Digital C-print , 2008
It is showtime!
The show looks great!
See you tonight!
At the start of not only a New Year, but also a new decade, it is imperative to reflect upon the themes of our times and celebrate humanity’s accomplishments and spirit. Through the work of 18 photographers both emerging and established, Versus’ aim point is to survey photography, guided by the hand of curator Ruben Natal San-Miguel, that does just this. Compared and contrasted, each artist dissects and highlights the other through juxtapositions of subject matter, composition, style, lighting and technique. The exhibition is a cornucopia, yet the underlining tone is one that allows each of these strong voices to sing and praise the body as a whole whose refrain is socially relevant, neither mundane nor negative or shallow and is extremely timely. It is ever amazing how much courage it takes to live an ordinary life, but this exhibition hopes to cull and inspire in each viewer the motivation to embrace and own the good, usher it into their day to day and make the next year as well as decade one of positivity and strength.
Brian Ulrich vs. Alex Leme
Both Brian Ulrich and Alex Leme search and explore the content of billboards and signs while driving aimlessly through America , from the Bible Belt to the sidewalks of South Beach.Brian does the Dark Stores, Thrift and Copia series for which he showcases, gone out of business empty store fronts demonstrating, reflecting and signaling our current state of the economy. Alex uses subtext of his images demonstrate how far some fundamentalist religious institutions are willing to go to recruit new members and to warn their followers of the lure of the adult entertainment industry which threatens their faith.
Mickalene Thomas vs. Nadine Rovner
A retro, seventies atmosphere dominates the work of Mickalene Thomas and Nadine Rovner. Whereas Rovner captures a suburban world in a painterly, romantic fashion, Thomas takes a more urban look. She utilizes the female members of her family to revisit the black exploitation movement in an urban, sassy, yet endearing manner.

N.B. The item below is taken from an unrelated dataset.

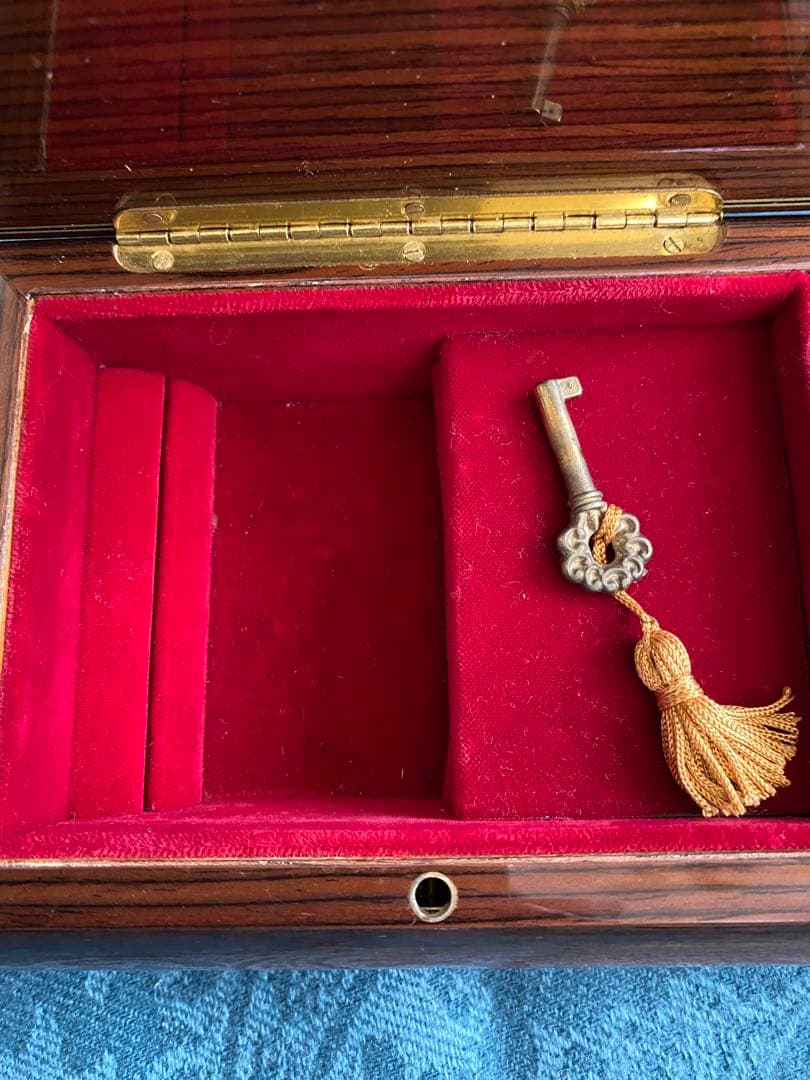 イタリアリュージュ製オルゴールジュエリーボックス　アンティーク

Hank Willis Thomas vs. Cara Phillips
Hank Willis Thomas uses race and social politics via iconic, tongue in cheek imagery. He is able to make fun in an enlightening manner. Thomas’ work is dominated by skin’s surface impressions, which directly contrasts Cara Phillips’ Ultraviolet Beauties. Phillips literally gets under the skin of her subjects and exposes them for what lurks beneath. Each individual is pictured in their current state, but with the exercise of ultraviolet violet on them she shows the skin beneath and reveals the traces of what will be visible on the surface as they age.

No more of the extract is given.